31 de dezembro de 2009

Desejos de ano novo


E para o ano de 2010, o que posso eu desejar?
No ano passado, por esta altura, fiz uma lista mais ou menos extensa sobre quais seriam os meus desejos. Mas este ano, olhando para trás e pensando num futuro mais distante, vou ser um pouco mais egoísta e menos quantitativa - perdoem-me a centralidade sincera. Não vou desejar viagens, nem bens materiais, nem vou dissertar sobre a fome no mundo...

Assim,
Espero que o novo ano seja uma extensão de 2009 e que continue a ser feliz como até aqui e que consiga fazer felizes aqueles que me rodeiam. Desejo ainda uma saúde mais estável e menos visitinhas ao hospital, embora saiba que será difícil, uma vez mais...Rai's parta este corpo cheio de defeitos e avarias! Sei que sou, acima de tudo, muito privilegiada, por tudo o que tenho, por tudo o que vivo, por poder sorrir todos os dias, por isso, espero saber sempre valorizar cada dia da minha vida, cada pessoa à minha volta, cada momento vivido, cada sopro que dou.
E para todos vós, que seja um ano cheio de concretizações e de muita felicidade, não faltando ao típico desejo miss loura platinada (que eu não sou): mais paz no mundo e serenidade global - é que é do fundo do coração, mesmo...

30 de dezembro de 2009

No Natal, de presente, eis o que eu recebi:

O meu perfume de sempre, DKNY- é daquelas relações para a vida;
Um telemóvel novo, Nokia, as always, porque o meu estava prestes a morrer, a qualquer instante;

O perfume novo Marc Jacobs, que faz as minhas delícias nasais, embora ache o frasco simplesmente pavoroso;

- Uma carteira e uma mala da sisley;
- Roupa;
- O belo do pijaminha, que adoro receber por esta altura (mas que me fez descobrir que este belo corpinho já exige um tamanho M...);
- Livros;
- Dinheirinho, com o qual comprei um relógio mais que lindo, da DKNY;
E muitas coisinhas para a casa, lindas que só elas e todas compradas a pensar em mim - não é que são todas a minha cara?

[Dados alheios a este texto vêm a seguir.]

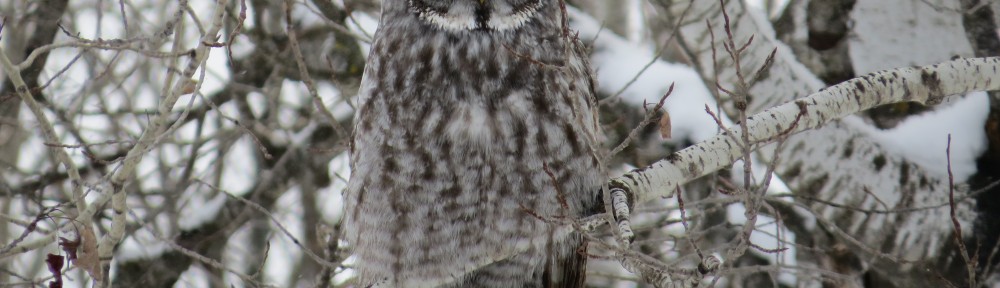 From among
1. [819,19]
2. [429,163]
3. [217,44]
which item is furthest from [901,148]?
[217,44]

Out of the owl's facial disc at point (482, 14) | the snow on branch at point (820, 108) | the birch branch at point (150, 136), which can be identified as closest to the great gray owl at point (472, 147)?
the owl's facial disc at point (482, 14)

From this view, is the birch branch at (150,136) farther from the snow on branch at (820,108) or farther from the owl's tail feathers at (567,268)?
the owl's tail feathers at (567,268)

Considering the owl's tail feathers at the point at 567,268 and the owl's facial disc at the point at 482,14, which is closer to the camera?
the owl's facial disc at the point at 482,14

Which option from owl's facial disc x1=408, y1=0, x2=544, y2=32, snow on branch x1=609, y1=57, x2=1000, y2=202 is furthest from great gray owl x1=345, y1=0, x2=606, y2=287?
snow on branch x1=609, y1=57, x2=1000, y2=202

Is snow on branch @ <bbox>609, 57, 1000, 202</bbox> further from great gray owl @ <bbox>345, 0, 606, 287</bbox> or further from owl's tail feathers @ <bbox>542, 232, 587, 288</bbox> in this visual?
owl's tail feathers @ <bbox>542, 232, 587, 288</bbox>

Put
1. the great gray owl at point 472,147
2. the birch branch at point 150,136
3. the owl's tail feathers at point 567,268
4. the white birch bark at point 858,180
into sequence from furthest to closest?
the white birch bark at point 858,180, the owl's tail feathers at point 567,268, the great gray owl at point 472,147, the birch branch at point 150,136

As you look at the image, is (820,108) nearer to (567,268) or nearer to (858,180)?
(858,180)

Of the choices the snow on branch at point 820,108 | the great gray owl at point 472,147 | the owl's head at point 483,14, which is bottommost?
the snow on branch at point 820,108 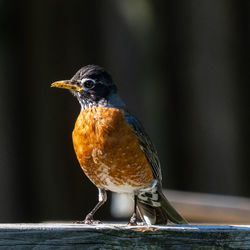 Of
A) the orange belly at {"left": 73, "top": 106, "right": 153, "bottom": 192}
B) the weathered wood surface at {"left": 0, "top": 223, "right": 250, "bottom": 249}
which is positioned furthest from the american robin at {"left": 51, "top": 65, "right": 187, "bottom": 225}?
the weathered wood surface at {"left": 0, "top": 223, "right": 250, "bottom": 249}

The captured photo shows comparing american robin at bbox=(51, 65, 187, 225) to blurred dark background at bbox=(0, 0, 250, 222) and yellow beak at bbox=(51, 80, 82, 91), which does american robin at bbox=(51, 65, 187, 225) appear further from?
blurred dark background at bbox=(0, 0, 250, 222)

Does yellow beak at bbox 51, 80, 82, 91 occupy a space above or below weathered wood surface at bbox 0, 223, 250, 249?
above

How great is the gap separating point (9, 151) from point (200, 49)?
2.82m

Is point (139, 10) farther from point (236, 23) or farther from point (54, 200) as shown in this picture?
point (54, 200)

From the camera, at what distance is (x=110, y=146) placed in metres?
3.78

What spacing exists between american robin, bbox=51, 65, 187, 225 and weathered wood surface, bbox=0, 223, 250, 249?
1056 mm

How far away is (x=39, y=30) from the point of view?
8.02 metres

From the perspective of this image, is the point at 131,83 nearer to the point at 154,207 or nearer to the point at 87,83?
the point at 154,207

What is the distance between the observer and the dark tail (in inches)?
163

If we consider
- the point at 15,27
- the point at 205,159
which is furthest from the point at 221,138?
the point at 15,27

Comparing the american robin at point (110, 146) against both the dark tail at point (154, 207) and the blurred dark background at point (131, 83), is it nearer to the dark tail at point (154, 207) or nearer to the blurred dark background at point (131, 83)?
the dark tail at point (154, 207)

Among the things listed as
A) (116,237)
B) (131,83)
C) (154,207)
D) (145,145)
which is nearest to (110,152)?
(145,145)

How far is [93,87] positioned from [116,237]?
5.38 feet

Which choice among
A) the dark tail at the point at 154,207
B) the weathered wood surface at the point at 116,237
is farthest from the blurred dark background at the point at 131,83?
the weathered wood surface at the point at 116,237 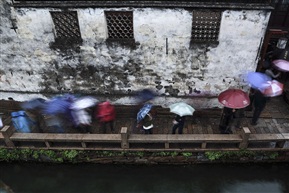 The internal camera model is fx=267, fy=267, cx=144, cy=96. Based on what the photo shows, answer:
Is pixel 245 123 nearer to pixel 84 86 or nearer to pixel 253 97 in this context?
pixel 253 97

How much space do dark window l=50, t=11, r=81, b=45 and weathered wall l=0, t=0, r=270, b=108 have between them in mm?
234

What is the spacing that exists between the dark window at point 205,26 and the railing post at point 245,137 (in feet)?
11.5

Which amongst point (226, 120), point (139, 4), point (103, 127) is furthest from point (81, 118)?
point (226, 120)

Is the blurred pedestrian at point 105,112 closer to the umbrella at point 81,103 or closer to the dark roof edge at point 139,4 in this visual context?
the umbrella at point 81,103

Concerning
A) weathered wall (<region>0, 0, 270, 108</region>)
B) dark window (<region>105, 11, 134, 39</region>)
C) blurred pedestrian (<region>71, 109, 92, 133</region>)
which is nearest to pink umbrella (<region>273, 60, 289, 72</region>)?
weathered wall (<region>0, 0, 270, 108</region>)

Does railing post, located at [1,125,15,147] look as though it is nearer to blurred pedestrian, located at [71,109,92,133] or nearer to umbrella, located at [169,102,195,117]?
blurred pedestrian, located at [71,109,92,133]

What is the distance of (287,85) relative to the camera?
13.2 meters

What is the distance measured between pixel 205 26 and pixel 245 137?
4.38m

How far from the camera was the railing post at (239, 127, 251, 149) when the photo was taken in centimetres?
980

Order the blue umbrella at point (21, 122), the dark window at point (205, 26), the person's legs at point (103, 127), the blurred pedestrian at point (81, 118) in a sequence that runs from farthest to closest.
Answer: the person's legs at point (103, 127) → the blue umbrella at point (21, 122) → the blurred pedestrian at point (81, 118) → the dark window at point (205, 26)

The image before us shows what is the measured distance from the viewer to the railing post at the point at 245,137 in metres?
9.80

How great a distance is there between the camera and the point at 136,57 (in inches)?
422

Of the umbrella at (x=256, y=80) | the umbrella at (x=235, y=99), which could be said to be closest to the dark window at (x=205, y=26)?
the umbrella at (x=256, y=80)

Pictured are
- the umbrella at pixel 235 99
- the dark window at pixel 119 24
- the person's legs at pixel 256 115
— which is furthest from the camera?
the person's legs at pixel 256 115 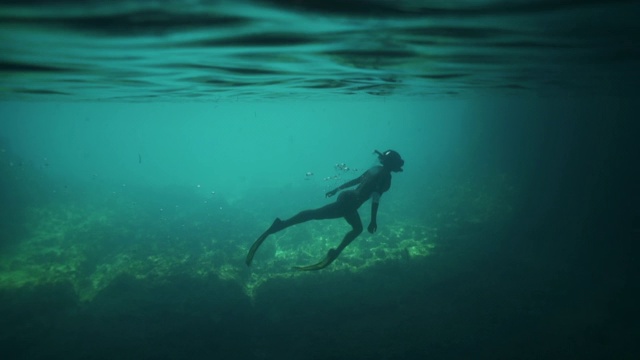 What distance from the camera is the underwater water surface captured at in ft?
21.4

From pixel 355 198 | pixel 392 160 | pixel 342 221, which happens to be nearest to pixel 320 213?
pixel 355 198

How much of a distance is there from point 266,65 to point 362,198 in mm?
5548

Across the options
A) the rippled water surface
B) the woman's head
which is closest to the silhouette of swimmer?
the woman's head

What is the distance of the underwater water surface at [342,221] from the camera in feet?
21.4

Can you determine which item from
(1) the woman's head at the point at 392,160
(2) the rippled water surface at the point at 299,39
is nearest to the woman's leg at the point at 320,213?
(1) the woman's head at the point at 392,160

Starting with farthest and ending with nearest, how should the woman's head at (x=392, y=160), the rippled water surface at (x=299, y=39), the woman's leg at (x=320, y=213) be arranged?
the woman's leg at (x=320, y=213) → the woman's head at (x=392, y=160) → the rippled water surface at (x=299, y=39)

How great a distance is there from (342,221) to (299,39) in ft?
78.4

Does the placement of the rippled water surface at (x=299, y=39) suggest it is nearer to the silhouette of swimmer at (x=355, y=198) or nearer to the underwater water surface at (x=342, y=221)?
the underwater water surface at (x=342, y=221)

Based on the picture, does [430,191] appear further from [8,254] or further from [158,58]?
[8,254]

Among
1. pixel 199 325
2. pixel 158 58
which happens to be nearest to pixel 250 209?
pixel 199 325

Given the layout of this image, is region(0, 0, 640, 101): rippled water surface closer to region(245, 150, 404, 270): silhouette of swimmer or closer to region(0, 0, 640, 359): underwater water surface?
region(0, 0, 640, 359): underwater water surface

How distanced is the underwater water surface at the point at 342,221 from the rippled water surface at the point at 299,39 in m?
0.07

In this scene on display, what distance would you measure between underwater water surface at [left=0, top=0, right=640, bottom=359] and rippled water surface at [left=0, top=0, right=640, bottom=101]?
73mm

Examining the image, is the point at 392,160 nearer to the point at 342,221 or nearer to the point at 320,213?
the point at 320,213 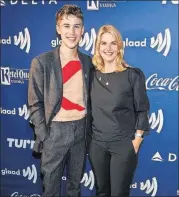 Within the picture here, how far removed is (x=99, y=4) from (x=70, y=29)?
0.72m

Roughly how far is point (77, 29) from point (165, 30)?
2.98 feet

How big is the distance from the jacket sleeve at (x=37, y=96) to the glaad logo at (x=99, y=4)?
0.90m

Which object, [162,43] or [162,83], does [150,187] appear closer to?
[162,83]

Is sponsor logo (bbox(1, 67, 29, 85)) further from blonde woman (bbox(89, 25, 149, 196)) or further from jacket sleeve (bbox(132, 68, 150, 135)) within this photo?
jacket sleeve (bbox(132, 68, 150, 135))

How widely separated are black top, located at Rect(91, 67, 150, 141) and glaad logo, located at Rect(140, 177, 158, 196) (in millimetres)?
963

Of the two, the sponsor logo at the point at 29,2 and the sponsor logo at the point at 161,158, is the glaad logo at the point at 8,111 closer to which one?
the sponsor logo at the point at 29,2

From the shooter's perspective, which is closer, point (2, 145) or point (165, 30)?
point (165, 30)

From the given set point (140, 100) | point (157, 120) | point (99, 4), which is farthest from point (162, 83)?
point (99, 4)

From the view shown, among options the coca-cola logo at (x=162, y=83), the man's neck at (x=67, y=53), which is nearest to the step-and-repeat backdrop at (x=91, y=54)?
the coca-cola logo at (x=162, y=83)

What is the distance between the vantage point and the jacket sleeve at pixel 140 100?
198 centimetres

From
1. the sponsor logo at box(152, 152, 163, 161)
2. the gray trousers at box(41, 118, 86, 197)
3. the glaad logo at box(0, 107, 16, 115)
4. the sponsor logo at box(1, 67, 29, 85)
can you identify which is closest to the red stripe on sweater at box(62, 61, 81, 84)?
the gray trousers at box(41, 118, 86, 197)

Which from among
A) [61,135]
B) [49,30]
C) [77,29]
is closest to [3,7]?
[49,30]

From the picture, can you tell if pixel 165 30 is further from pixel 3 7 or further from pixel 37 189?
pixel 37 189

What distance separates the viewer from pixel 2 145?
302cm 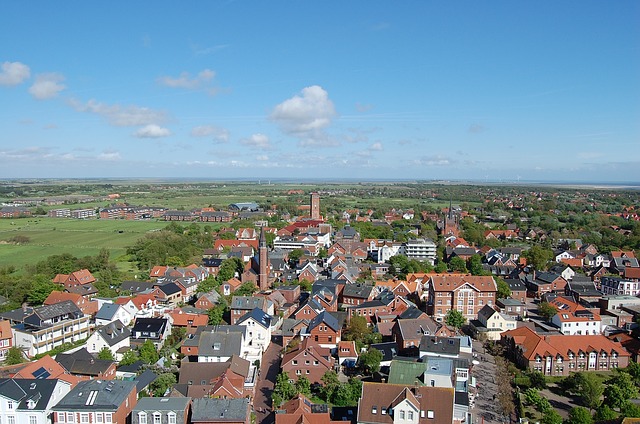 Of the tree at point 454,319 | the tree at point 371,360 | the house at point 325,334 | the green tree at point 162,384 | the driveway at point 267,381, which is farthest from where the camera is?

Quem me conhece, conhece-me mesmo bem ;)

Mas o mais importante foi por ter a possibilidade de o passar junto de todos os que amo, por termos partilhado este momento tão mágico e que privilegio tanto. Foram tantos os sorrisos sinceros, as brincadeiras divertidas, as gargalhadas sentidas, as músicas muito nossas cantadas em coro, embaladas pela guitarra acústica, os brindes extasiados como se não houvesse amanhã e tudo e tudo...Venham mais Natais assim!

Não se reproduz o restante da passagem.